8 Comments Add yours

  1. David says:

    Hi! I absolutely LOVE the article, and you really hit the nail on the head. This is one of my favorite DS9 episodes, and the show overall continues to be a source of pride and inspiration for Black geeks like me.

    1. Thank you so much for reading. 🙏
      If I did any justice to this amazing piece of television, I’m humbled.

  2. firewater65 says:

    One of my favorites as well. On my own list of 10 essential “Next Gen” era episodes, DS9 took three slots. I wouldn’t remove “The Way of the Warrior” or “Trials and Tibble-ations” from the list, but if I were making the list today, “Far Beyond the Stars” would have replaced “The Visitor.”
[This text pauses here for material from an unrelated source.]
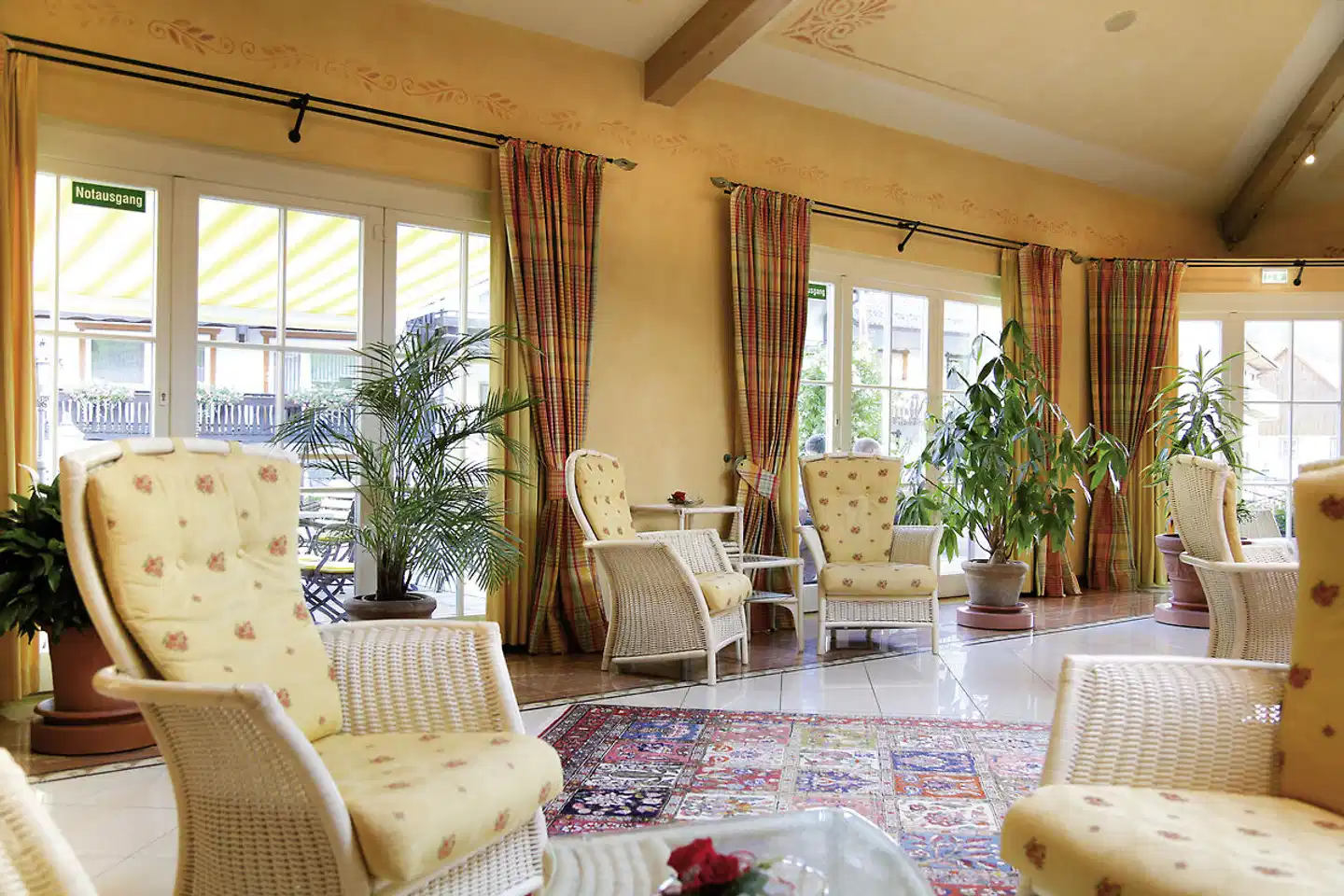 Häfner's Flair Hotel Adlerbad Wohnbeispiel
  3. Funnily enough I recently decided to give DS9 another shot, and I just today got to “Far Beyond the Stars.” I’ve seen it before in parts while channel-surfing, but this was my first time sitting down and watching it properly.

    I’m not sure I’d go so far as to say it’s one of the all-time best Star Trek episodes, but it is undeniably powerful and painfully relevant, and you’re right that Avery Brooks’ performance is outstanding. Recent events definitely add an extra layer of poignancy, as well.

    I don’t claim it’s as important as the racial issues pointed out by the episode, but something else that stood out to me is one of the writers boasting about making four cents per word. This is supposed to be the 1950s, and that’s more than I make for most of my writing jobs today.